United States District Court, D. Montana, Helena Division

July 25, 2019

UNITED STATES OF AMERICA, Plaintiff,
v.
JEFFREY KENNETH KNAPP, Defendant.

          ORDER

          CHARLES C. LOVELL SENIOR UNITED STATES DISTRICT JUDGE.

         Before the Court is Defendant's Motion to Dismiss the Indictment under Rule 12(b)(3)(A) of the Federal Rules of Criminal Procedure. (Doc. 23). The government opposes the motion.

         The Indictment charges the Defendant with one count of “Prohibited Person in Possession of a Firearm” in violation of 18 U.S.C. § 922(g)(1). The Indictment alleges that Defendant is prohibited from possessing a firearm based on his December 28, 1994, conviction of a crime punishable by imprisonment for a term exceeding one year under the laws of the State of Colorado, and that Defendant, on April 3, 2019, knowingly possessed, in and affecting interstate and foreign commerce firearms and ammunition. (Doc. 10).

         LEGAL STANDARD

         A motion to dismiss an indictment is governed by Rule 12 of the Federal Rules of Criminal Procedure, which allows a party to “raise by pretrial motion any defense, objection, or request that the court can determine without a trial on the merits.” Fed. R. Crim. P. 12(b)(1). Motions based on “a defect in instituting the prosecution” must be “raised by pretrial motion if the basis for the motion is then reasonably available and the motion can be determined without a trial on the merits.” Fed. R. Crim. P. 12(b)(3)(A). Although the Court “may make preliminary findings of fact necessary to decide the legal questions” presented by a pretrial motion, the Court must not invade the province of the jury by prematurely deciding whether the government can prove the elements of the charged offense. United States v. Nukida, 8 F.3d 665, 669 (9th Cir. 1993).

         DISCUSSION

         ARGUMENTS BASED ON COLORADO STATUTE

         Defendant argues that he cannot be charged as a prohibited person in possession of a firearm because the Colorado law in effect at the time he was charged with the predicate convictions only prohibited persons previously convicted of “burglary, arson, or a felony involving the use of force or violence or the use of a deadly weapon, or attempt or conspiracy to commit such offenses” from owning firearms. (Doc. 24 at 3, citing Colo.
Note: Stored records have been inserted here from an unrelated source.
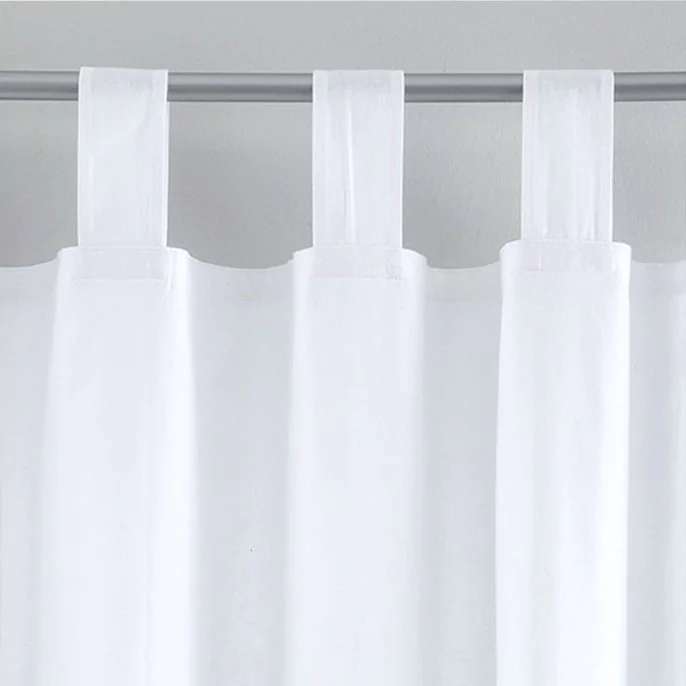 Sistem de prindere cu bride pentru galeriebara 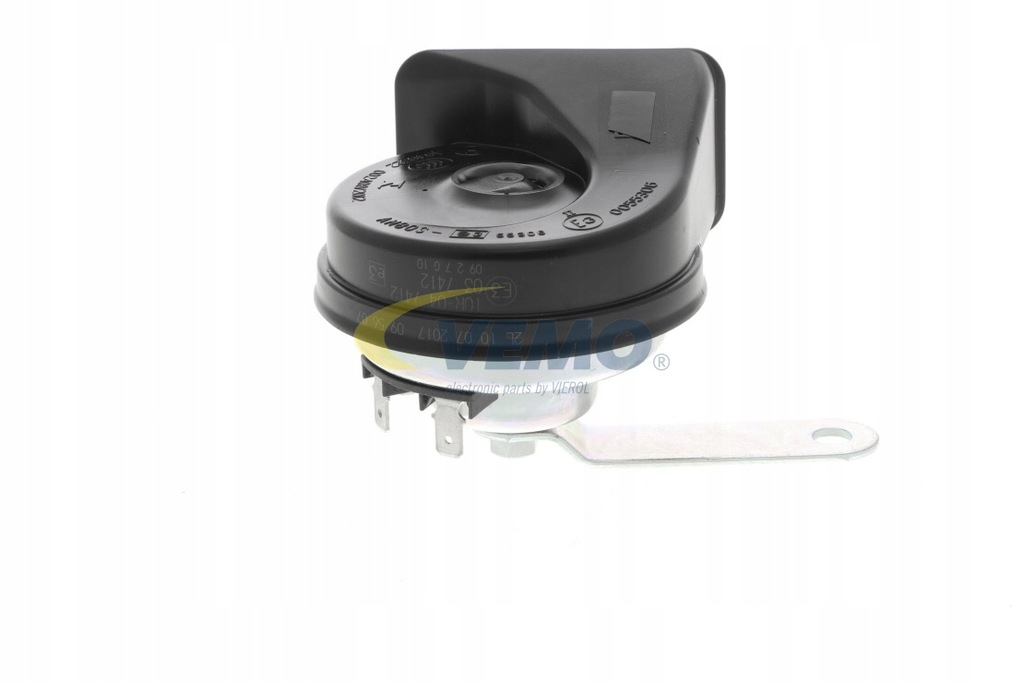 фото №9, Клаксон vemo v30-77-0151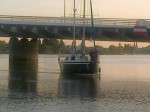 IMG_1662.JPG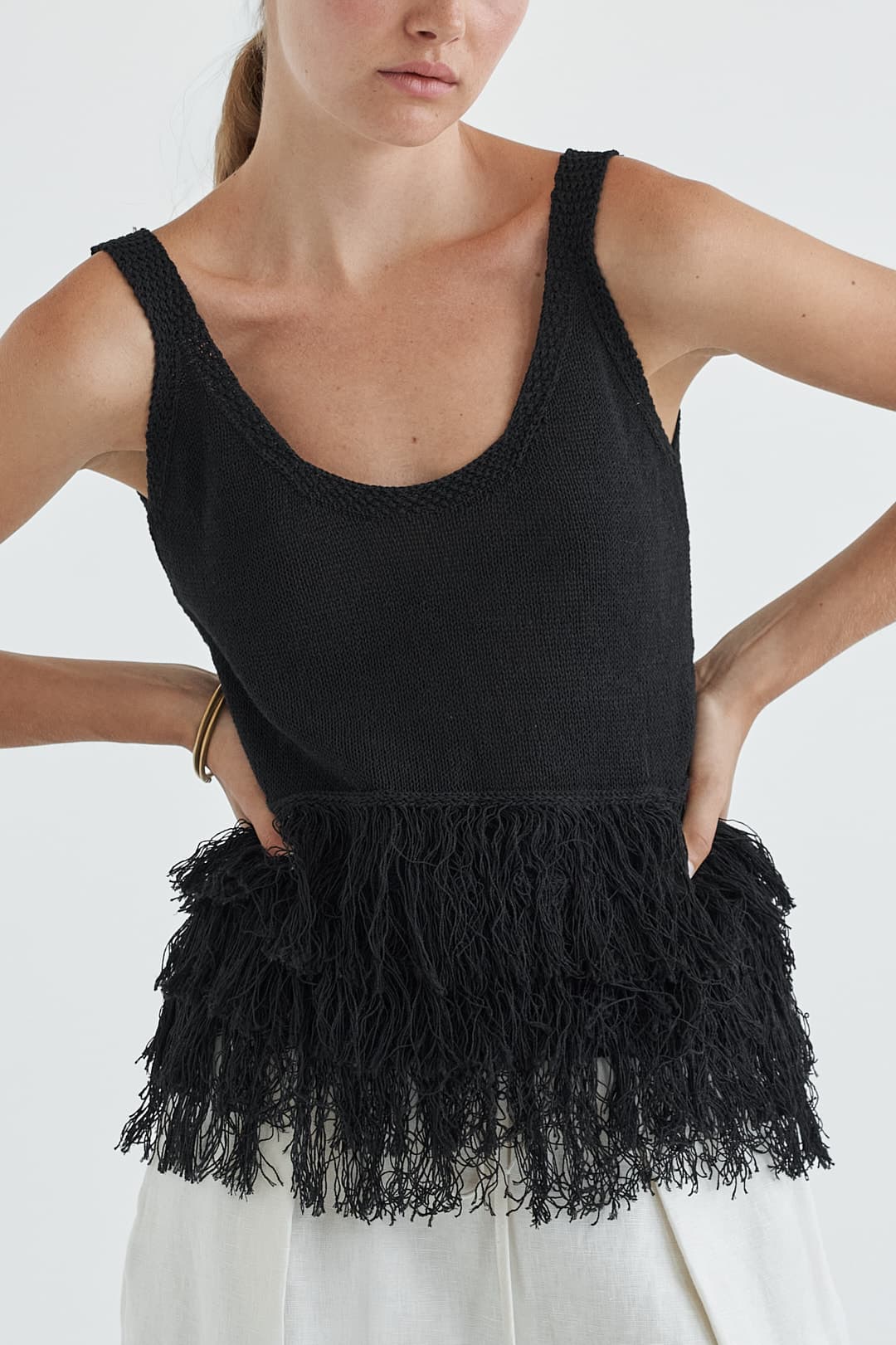 brand photographer, e-commerce, look book. campaign, model test, model portfolio, fashion, New York, Manhattan, Brooklyn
Rev. Stat. § 18-12-108 (1990)). Defendant argues in the alternative that even if he had been charged and convicted of one of the crimes enumerated in the 1990 version of Colo. Rev. Stat. § 18-12-108, his rights would have been restored by February of 2013. (Doc. 24 at 4).

         Defendant appears to acknowledge that the amended version of Colo. Rev. Stat. § 18-12-108, which took effect on July 1, 1994, prohibits possession of a weapon by any offender convicted of a felony. (Doc. 24 at 6). He argues that applying the amended Colorado statute violates the ex post facto prohibitions of the United States Constitution. (Doc. 24 at 6).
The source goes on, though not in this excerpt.